そして、ハーレム作品を生み出すのはもっと難しい。
作者の皆さんを心から尊敬します。
ニセコイ オフィシャルファンブック トクレポ (ジャンプコミックス)
画像:©Naoshi Komi/SHUEISHA
コメント
たまたまこの記事を見つけて読んだのでコメントだせて頂きます。
私はハーレム作品が好きなのですが、それは好感の持てる主人公が「ヒロイン(であるだろうと読者に思わせるような登場をした)キャラ全員」と結ばれるED、あるいはEDよりも後にそういう未来もあるのでは…と思われるEDが理想だったりします。

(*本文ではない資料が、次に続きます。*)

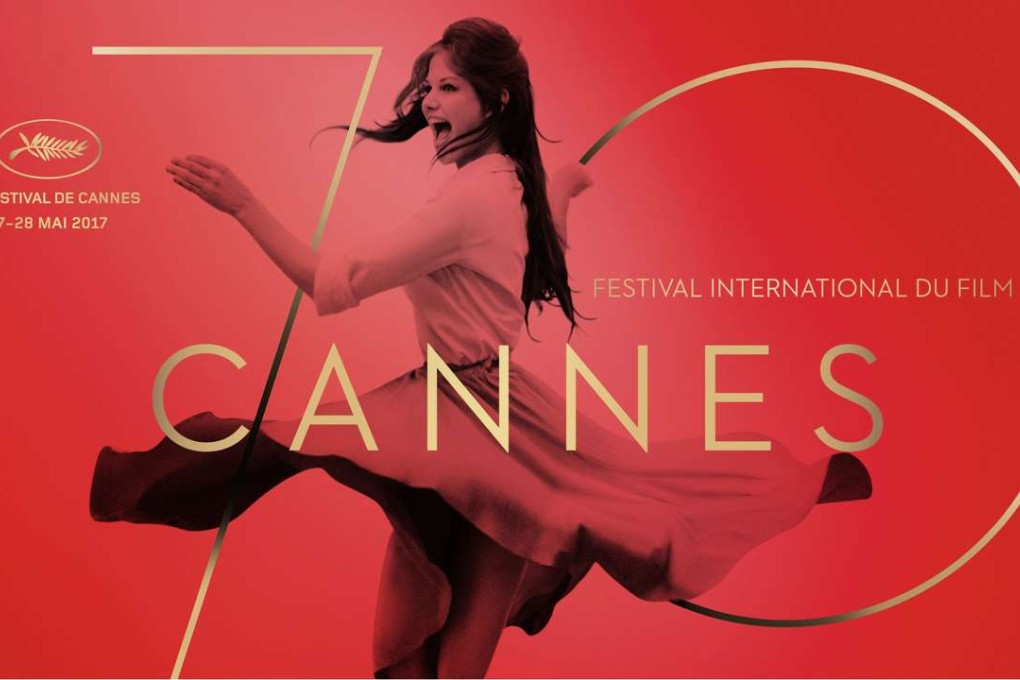 This handout picture released on March 29, 2017 by the Cannes film festival shows the official poster of the 70th Festival de Cannes featuring a picture of Italian actress Claudia Cardinale dancing. Critics say Cardinale’s legs were airbrushed thinner. Photo: AFP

今現在のハーレムラノベ、ハーレムアニメ的なニュアンスで「ハーレム」という言葉が使われるようになったのは、私の知る限りだと2000年代後半に入ったあたりからなので、それ以前から「ハーレム作品」が好きだった人にはこの記事に該当しないようなタイプも多いと思われます。
コメントありがとうございます。僕もセレモニーさんの理想にかなり近いです。
この記事では矛盾を抱えた一部のファンだけを取り上げて考察したのですが、確かに年代によってハーレム作品の傾向やファンの考え方も変わってきそうですね。
ハーレムものをうまく作るのは難しい。
今はハーレム作品批判する方が通っぽい、俺は違うんだ的な世間の空気もある気がするので
より難易度が高くなってるイメージあります。
世の中に作品が溢れている今、目が肥えたファンを納得させる作品を作るのは大変そうですよねえ。
ハーレムものに限らず。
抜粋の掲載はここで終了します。